Um correntista de São Paulo vivenciou uma situação inusitada após constatar a entrada repentina de R$ 78 milhões em sua conta bancária. A quantia milionária foi depositada por engano devido a uma falha operacional no sistema de processamento de transferências da instituição financeira.

Em vez de utilizar a quantia para despesas pessoais, o homem decidiu aplicar todo o montante em um investimento de renda fixa de curto prazo. O elevado volume de recursos fez com que a aplicação gerasse um rendimento de aproximadamente R$ 977 mil em um curto período.

Assim que o banco identificou a inconsistência no sistema, entrou em contato com o cliente para solicitar a restituição dos valores. Para a surpresa da instituição, o homem não apenas efetuou a devolução integral dos R$ 78 milhões, como também restituiu espontaneamente os cerca de R$ 977 mil gerados pela aplicação financeira.

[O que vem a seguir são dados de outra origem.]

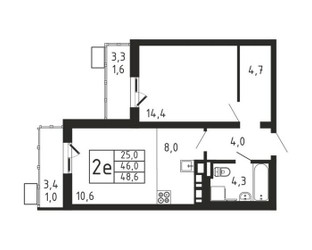Планировка двухкомнатной(квартира) площадью 48.6 квадратных метров в ЖК “ЖК Пироговская Ривьера”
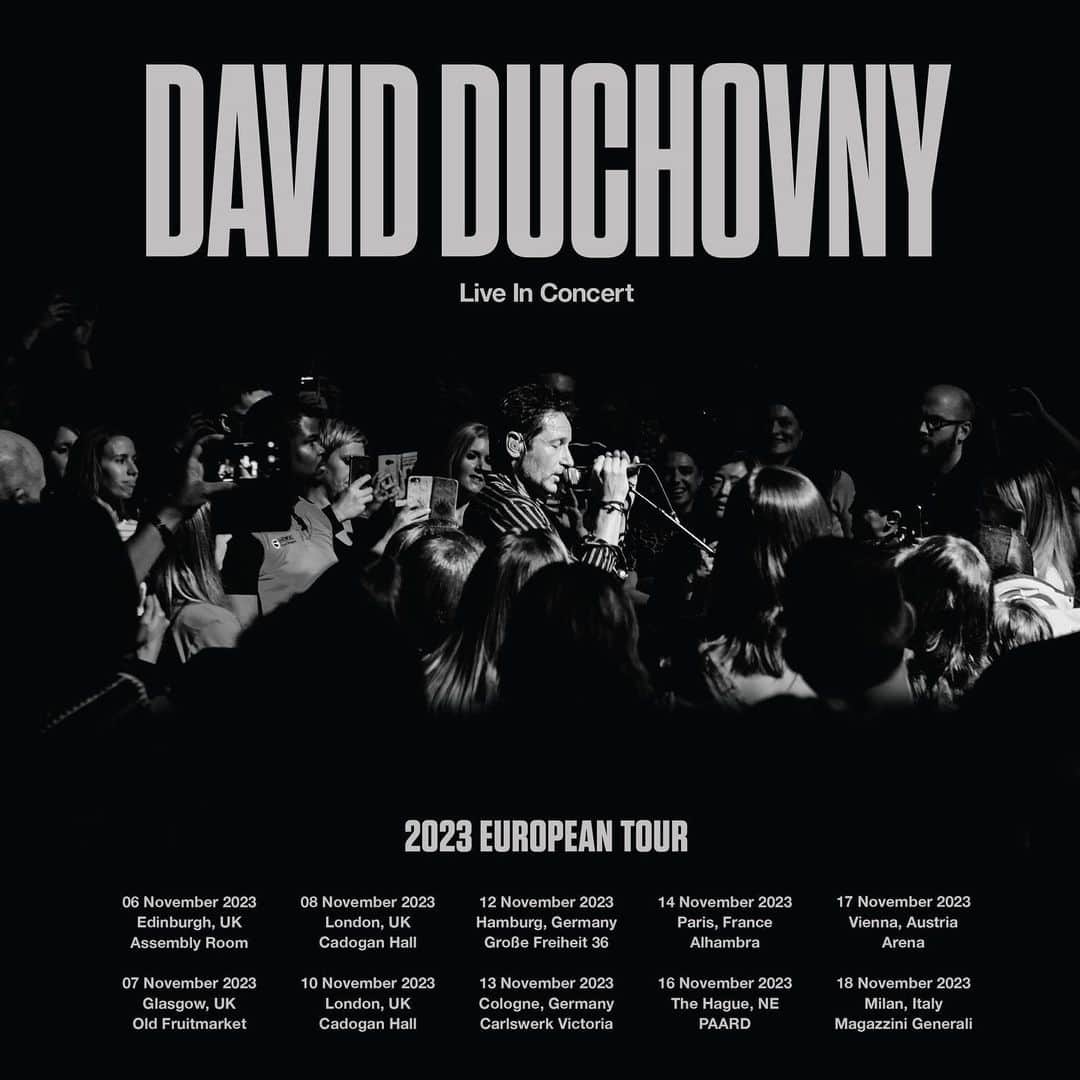 デイヴィッド・ドゥカヴニーさんのインスタグラム写真 - (デイヴィッド・ドゥカヴニーInstagram)「Join us for our third tour across Europe, kicking off in Edinburgh on Monday.」11月5日 3時57分 - davidduchovny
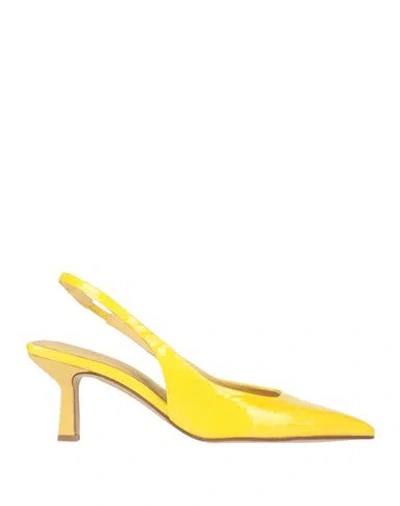 Bruno Premi Woman Pumps Yellow Size 8 Leather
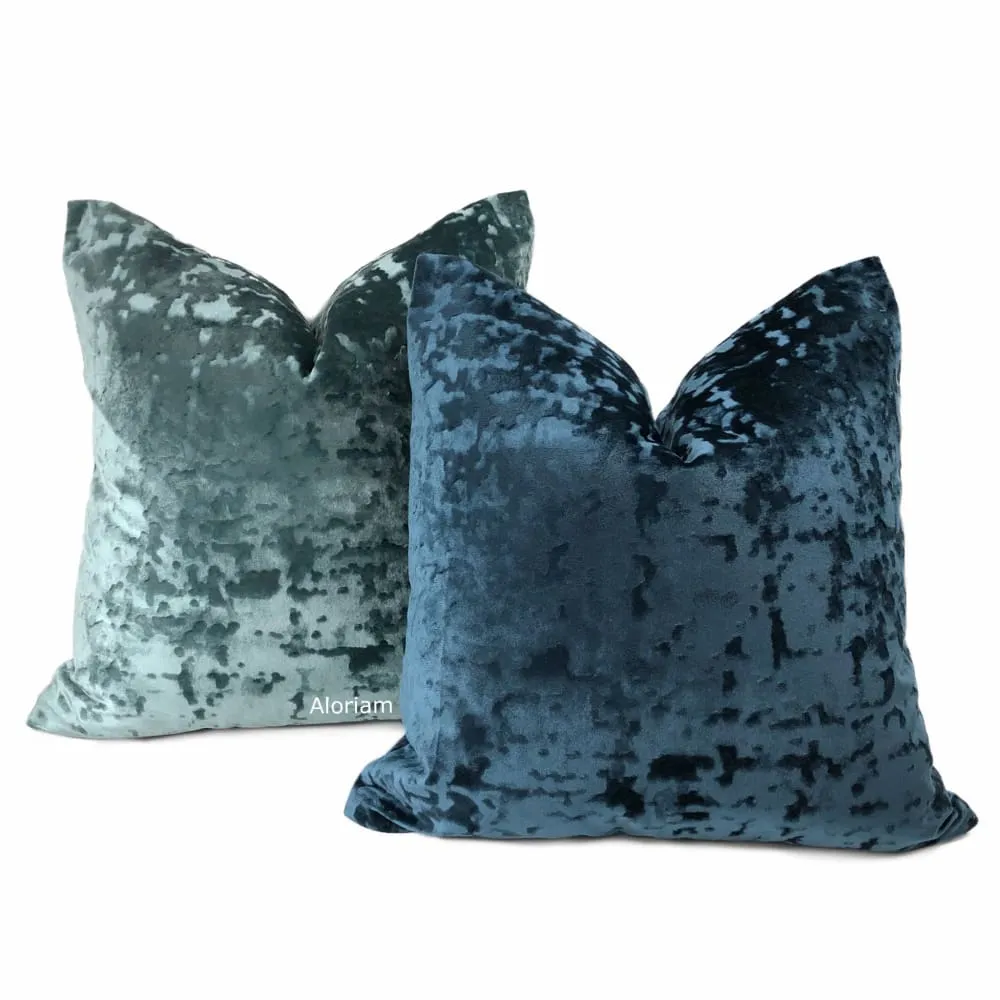 Kael I Dark Blue Abstract Distressed Tonal Velvet Pillow Cover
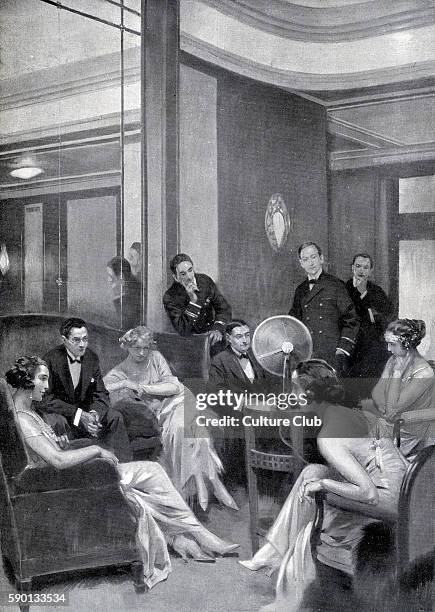 'Le concert a bord' - Concert on board the ocean liner 'Paris' - officers and passengers gathered round a loudspeaker listen to an operatic aria...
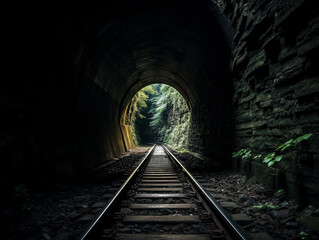 Fototapeta na wymiar A mesmerizing view captures the mystique as a train tunnel entrance slowly fades away.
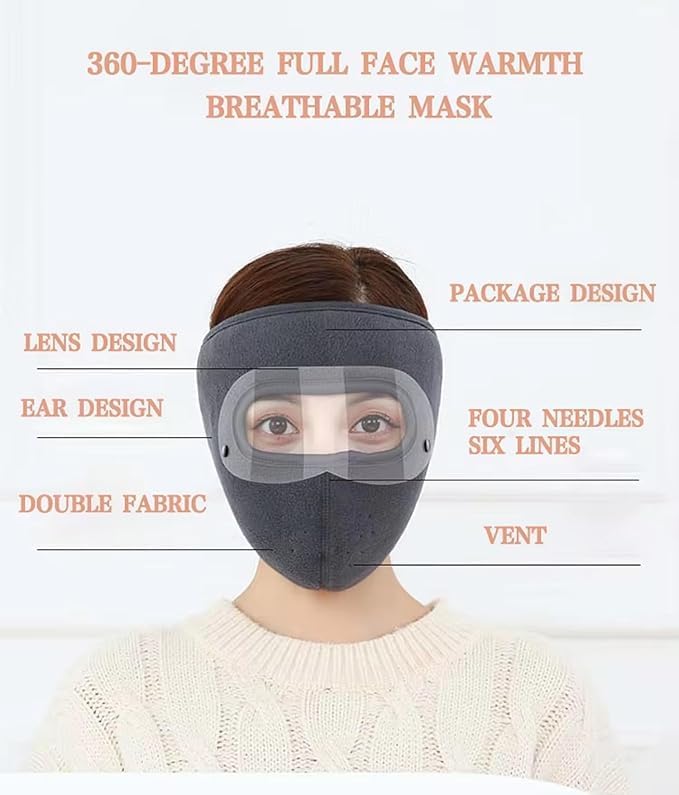 Cotton Unisex Winter Face Mask with Eye Shield – Windproof, Sun Protection, Warm – For Biking, Cycling, Men & Women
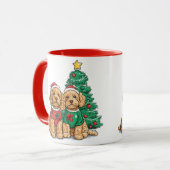 クリスマスのゴールドゥードル マグカップ (正面左)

O caso reacendeu o debate sobre as implicações legais ao receber transferências indevidas. Segundo os artigos 876 e 884 do Código Civil brasileiro, qualquer pessoa que receba valores por engano é obrigada a restituí-los, sob pena de responder por enriquecimento sem causa ou apropriação indébita.

Especialistas em direito bancário ressaltam que a conduta de devolver espontaneamente o valor principal e os frutos da aplicação demonstrou boa-fé por parte do cliente, evitando uma eventual disputa judicial ou sanções criminais sobre os rendimentos gerados.